# ABOUT THIS EXERCISE
Your answer must be an exact copy of the entries below, with no pictures in it.

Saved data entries
***

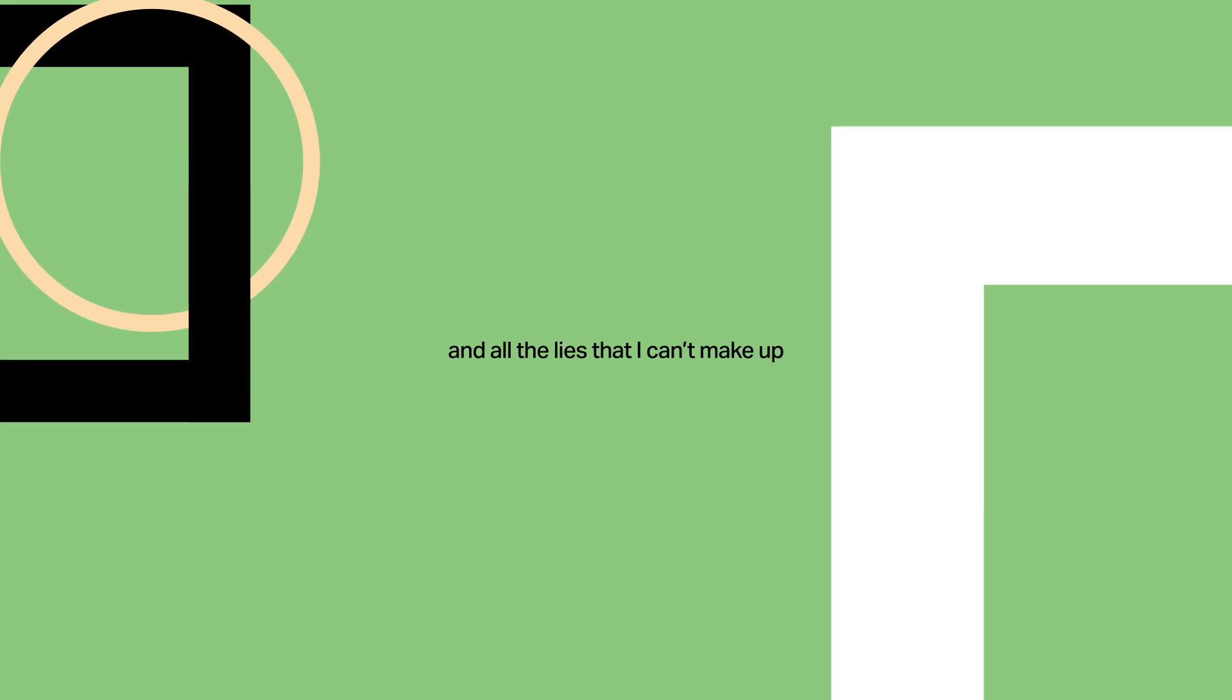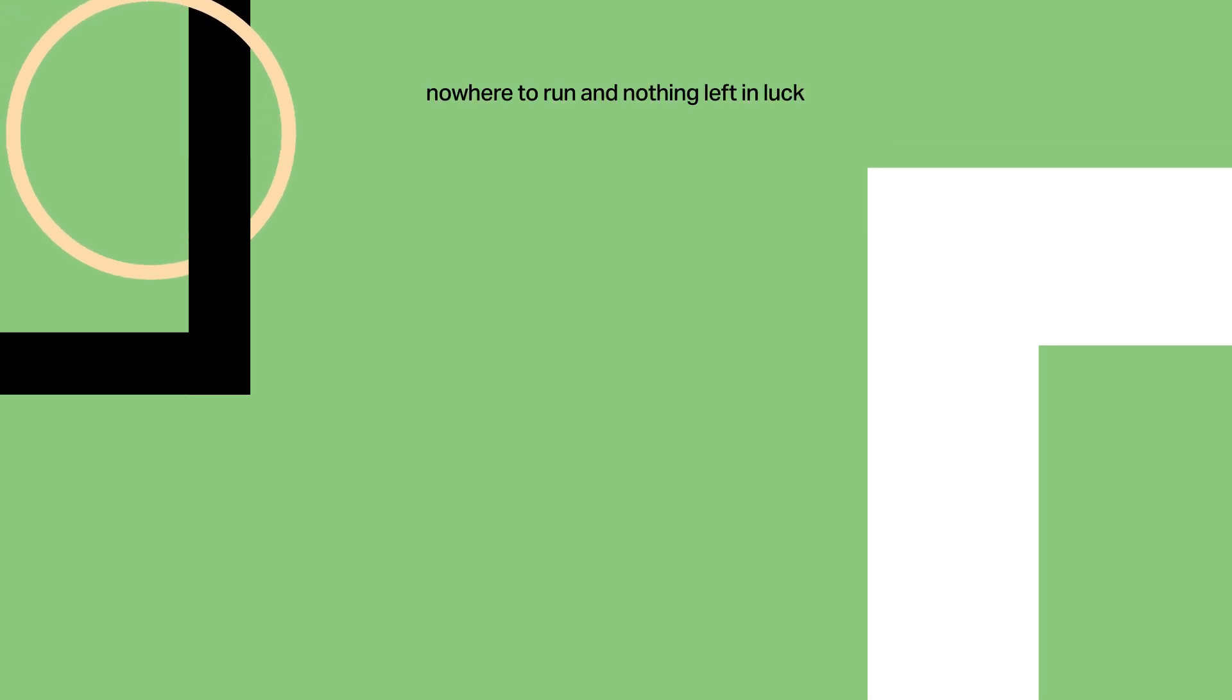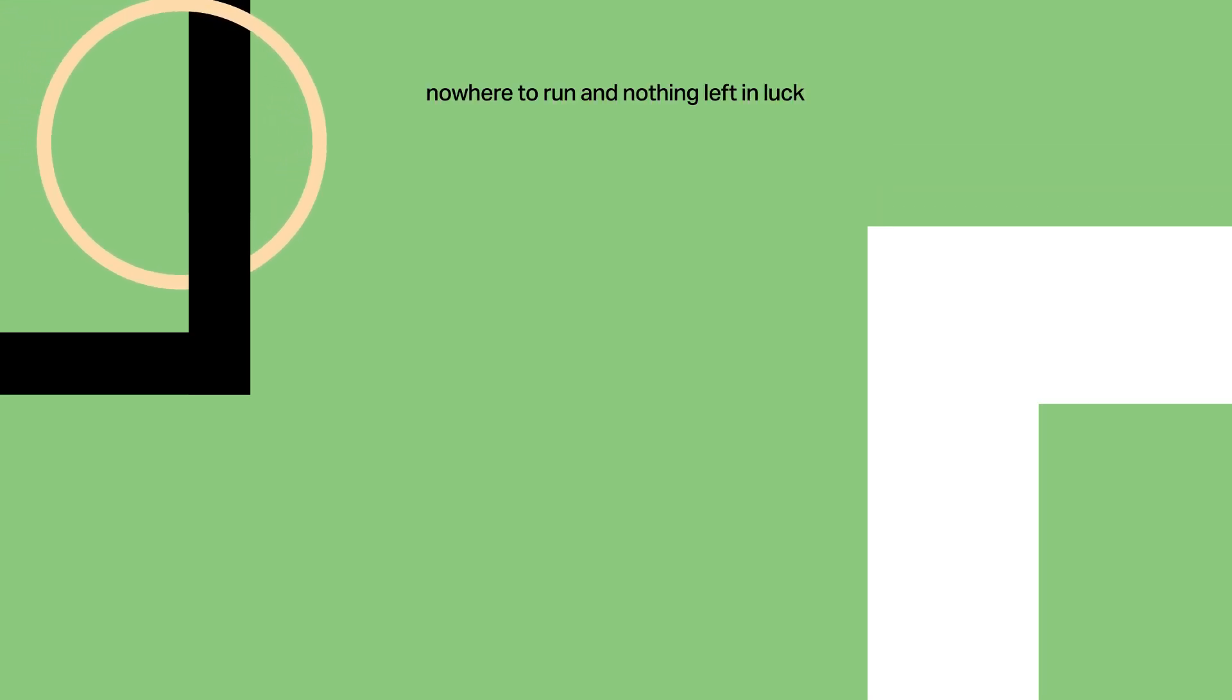And there's no... all the lies that I can't ignore. No way I'm wrong, no problem I can't ignore.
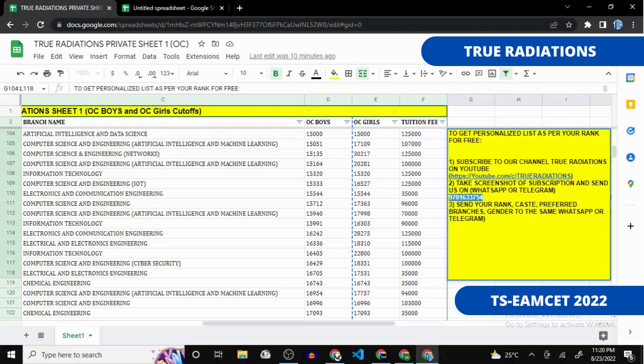This video is especially for OC Boys. If you want videos for BC-E, BC-B, or any other caste, we will make those too. All sheets are listed in the description box — you can easily download them. If you still have any doubts, comment below and we reply to each and every comment within 24 hours. Thank you, and all the best!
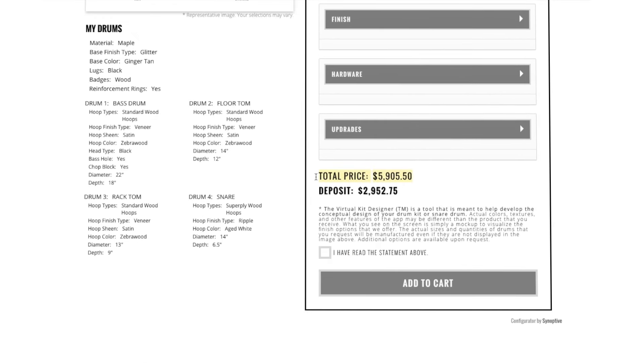You'll be able to see the total price and deposit you'll pay when you're ready to order. On the left, you'll be able to see all the specs you've picked out for your drums.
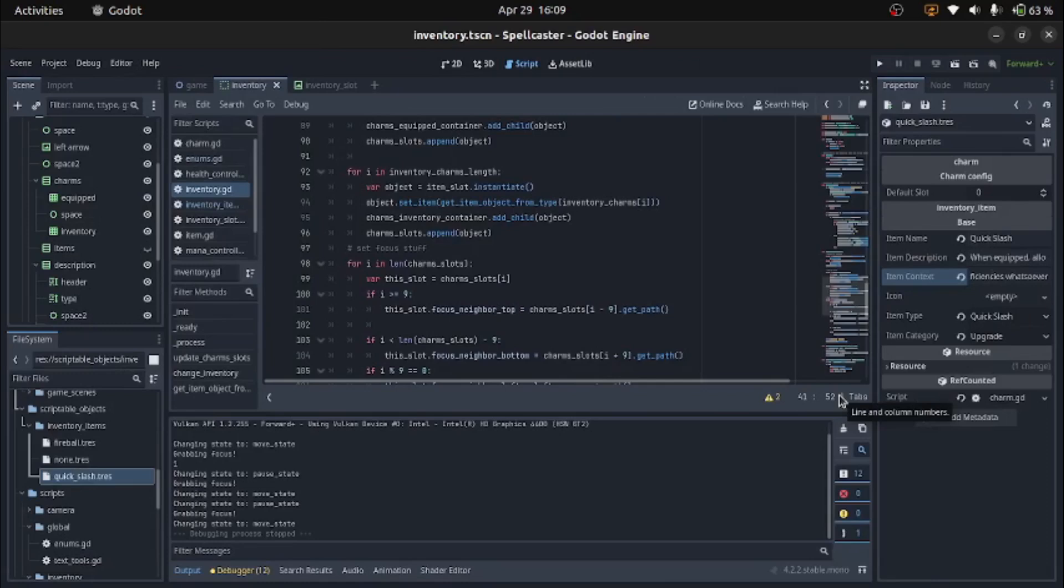Welcome back to the Spellcaster Devlogs, where we make a metroidvania based mostly off spellcasting.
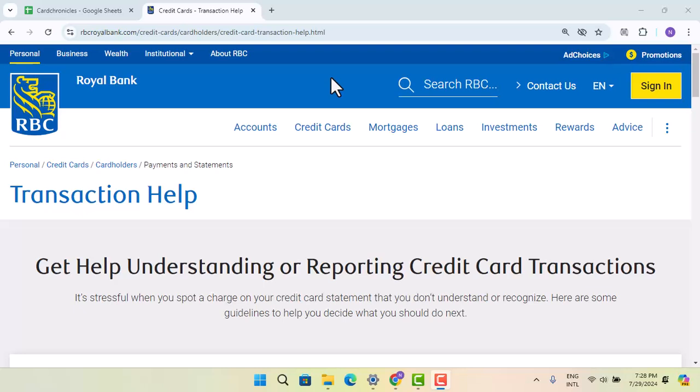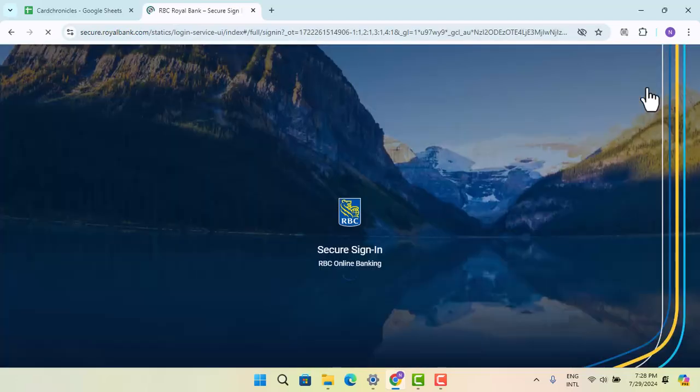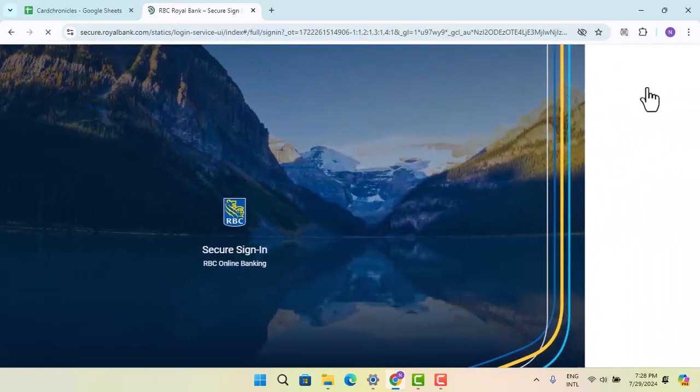How can you dispute a transaction on a Royal Bank credit card? To dispute a transaction, follow these steps. First, log into your account by pressing the sign-in button, enter your credentials, and when you're logged in, select your personal credit card or the one you wish to dispute a transaction with.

***

# ANSWER SPACE
And there's no... all the lies that I can't ignore. No way I'm wrong, no problem I can't ignore.
This video is especially for OC Boys. If you want videos for BC-E, BC-B, or any other caste, we will make those too. All sheets are listed in the description box — you can easily download them. If you still have any doubts, comment below and we reply to each and every comment within 24 hours. Thank you, and all the best!
You'll be able to see the total price and deposit you'll pay when you're ready to order. On the left, you'll be able to see all the specs you've picked out for your drums.
Welcome back to the Spellcaster Devlogs, where we make a metroidvania based mostly off spellcasting.
How can you dispute a transaction on a Royal Bank credit card? To dispute a transaction, follow these steps. First, log into your account by pressing the sign-in button, enter your credentials, and when you're logged in, select your personal credit card or the one you wish to dispute a transaction with.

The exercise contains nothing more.